Bruno Bartoletti 1927-2013

Mon Jun 10, 2013 at 3:28 pm

By Lawrence A. Johnson

Bruno Bartoletti. Photo: Victor Skrebneski, 1994

Bruno Bartoletti, the conductor who oversaw the Lyric Opera of Chicago’s ascent to one of the world’s leading houses died Sunday age 86, one day before what would have been his 87th birthday, after a brief undisclosed illness.

“Bruno Bartoletti was a giant in Lyric’s history, nurturing and developing the fledgling company when he first joined Lyric in 1956, and overseeing its artistic and musical growth,” said Anthony Freud, Lyric’s general director, in a statement released by the company. “Bruno’s contribution to Lyric was unique in its importance and longevity, and his death truly marks the end of an era.”

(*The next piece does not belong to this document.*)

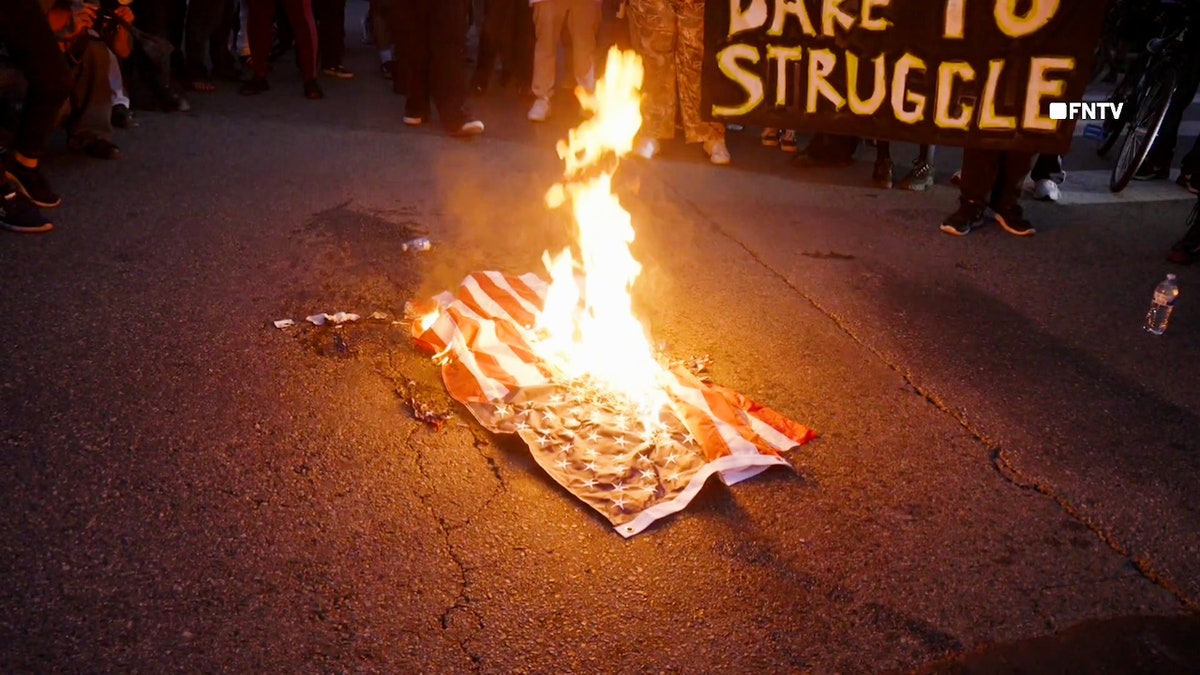 An American flag burns on the ground in Los Angeles.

William Mason, Lyric’s general director emeritus, met maestro Bartoletti in 1956 when Mason sang the Shepherd Boy in Puccini’s Tosca. “Bruno was a mentor, colleague, and friend for more than 50 years,” said Mason. “He was passionate about opera and singing. Italian opera was in his blood – there was no better interpreter of Puccini. Yet he had a unique affinity for contemporary operas as well. He was a wonderful musician and human being, and he made a remarkable contribution to the musical life of Chicago.”

The conductor made his American debut at Lyric Opera in 1956, conducting Verdi’s Il trovatore. Celebrated Italian baritone Tito Gobbi told Lyric’s founding general manager Carol Fox that she should hire the young conductor.

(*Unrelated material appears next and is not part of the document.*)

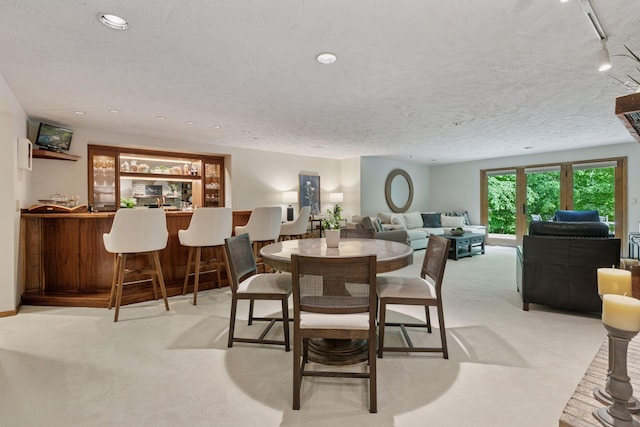 1405 Farm Rd, Chanhassen, MN 55318 - carpeted dining area with wet bar and recessed lighting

Bartoletti served as Lyric’s co-artistic director with Pino Donati from 1964 to 1974, serving as artistic director from 1975-1999. He conducted nearly 600 performances of 55 operas at Lyric between 1956 and 2007. Since 1999 he served the company in an advisory capacity as artistic director emeritus.

The nearly quarter-century in which he served as artistic director at Lyric, was a remarkable historical period for singers, and Bartoletti worked with nearly every great artist of the time at Lyric Opera. An incomplete list includes sopranos Montserrat Caballé, Régine Crespin, Eileen Farrell, Mirella Freni, Anna Moffo, Margaret Price, Eleanor Steber, and Renata Tebaldi; mezzos Grace Bumbry, Fiorenza Cossotto, and Marilyn Horne; tenors Carlo Bergonzi, Jussi Björling, Mario Del Monaco, Giuseppe di Stefano, Plácido Domingo, Alfredo Kraus, Luciano Pavarotti, Léopold Simoneau, Richard Tucker, and Jon Vickers; baritones Ettore Bastianini, Renato Bruson, Piero Cappuccilli, Tito Gobbi, and Sherrill Milnes; and basses Boris Christoff, Nicolai Ghiaurov, and Samuel Ramey.

While the conductor was acclaimed and most authoritative in the core Italian repertory of Puccini, Verdi, Rossini, Bellini and Donizetti, which formed Lyric Opera’s foundation in its early decades, he also excelled in Slavic works such as Smetana’s The Bartered Bride, Mussorgsky’s Khovanshchina and Boris Godunov, and Tchaikovsky’s Eugene Onegin.

Bartoletti was also a committed advocate for offbeat and contemporary works. He led the world premiere of Penderecki’s Paradise Lost in 1978, as well as the Lyric Opera premieres of Berg’s Wozzeck, Prokofiev’s The Fiery Angel and The Gambler, Falla’s El Amor Brujo, Britten’s Billy Budd,  Bartok’s Bluebeard’s Castle, Janáček’s Katya Kabanova and The Makropulos Case, and Shostakovich’s Lady Macbeth of Mtsensk.

His wife Rosanna died in 2011. Bartoletti is survived by daughters Chiara and Maria, and by five grandchildren: Livia, Filippo,  Arianna, Margherita,  and Nicolò.